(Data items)
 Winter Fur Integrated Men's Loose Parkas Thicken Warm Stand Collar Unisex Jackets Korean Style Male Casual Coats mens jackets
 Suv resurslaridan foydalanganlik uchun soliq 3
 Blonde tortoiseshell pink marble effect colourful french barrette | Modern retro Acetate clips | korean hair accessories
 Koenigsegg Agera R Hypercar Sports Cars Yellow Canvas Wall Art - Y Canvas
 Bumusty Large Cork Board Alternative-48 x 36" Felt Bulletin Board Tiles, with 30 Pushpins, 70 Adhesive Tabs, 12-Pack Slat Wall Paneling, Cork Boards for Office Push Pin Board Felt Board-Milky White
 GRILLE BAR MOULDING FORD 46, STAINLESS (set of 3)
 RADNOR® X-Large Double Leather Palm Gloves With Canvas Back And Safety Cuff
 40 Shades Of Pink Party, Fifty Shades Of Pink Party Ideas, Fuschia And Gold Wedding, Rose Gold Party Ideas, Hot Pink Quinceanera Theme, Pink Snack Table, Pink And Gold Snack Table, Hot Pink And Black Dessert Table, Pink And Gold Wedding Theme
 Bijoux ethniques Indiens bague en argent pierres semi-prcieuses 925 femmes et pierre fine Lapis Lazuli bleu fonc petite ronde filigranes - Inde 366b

About this task: Write the lines out again exactly, from the one containing "Suv resurslaridan foydalanganlik" through the last line of the records, and include no other lines.

Response to this task:
 Suv resurslaridan foydalanganlik uchun soliq 3
 Blonde tortoiseshell pink marble effect colourful french barrette | Modern retro Acetate clips | korean hair accessories
 Koenigsegg Agera R Hypercar Sports Cars Yellow Canvas Wall Art - Y Canvas
 Bumusty Large Cork Board Alternative-48 x 36" Felt Bulletin Board Tiles, with 30 Pushpins, 70 Adhesive Tabs, 12-Pack Slat Wall Paneling, Cork Boards for Office Push Pin Board Felt Board-Milky White
 GRILLE BAR MOULDING FORD 46, STAINLESS (set of 3)
 RADNOR® X-Large Double Leather Palm Gloves With Canvas Back And Safety Cuff
 40 Shades Of Pink Party, Fifty Shades Of Pink Party Ideas, Fuschia And Gold Wedding, Rose Gold Party Ideas, Hot Pink Quinceanera Theme, Pink Snack Table, Pink And Gold Snack Table, Hot Pink And Black Dessert Table, Pink And Gold Wedding Theme
 Bijoux ethniques Indiens bague en argent pierres semi-prcieuses 925 femmes et pierre fine Lapis Lazuli bleu fonc petite ronde filigranes - Inde 366b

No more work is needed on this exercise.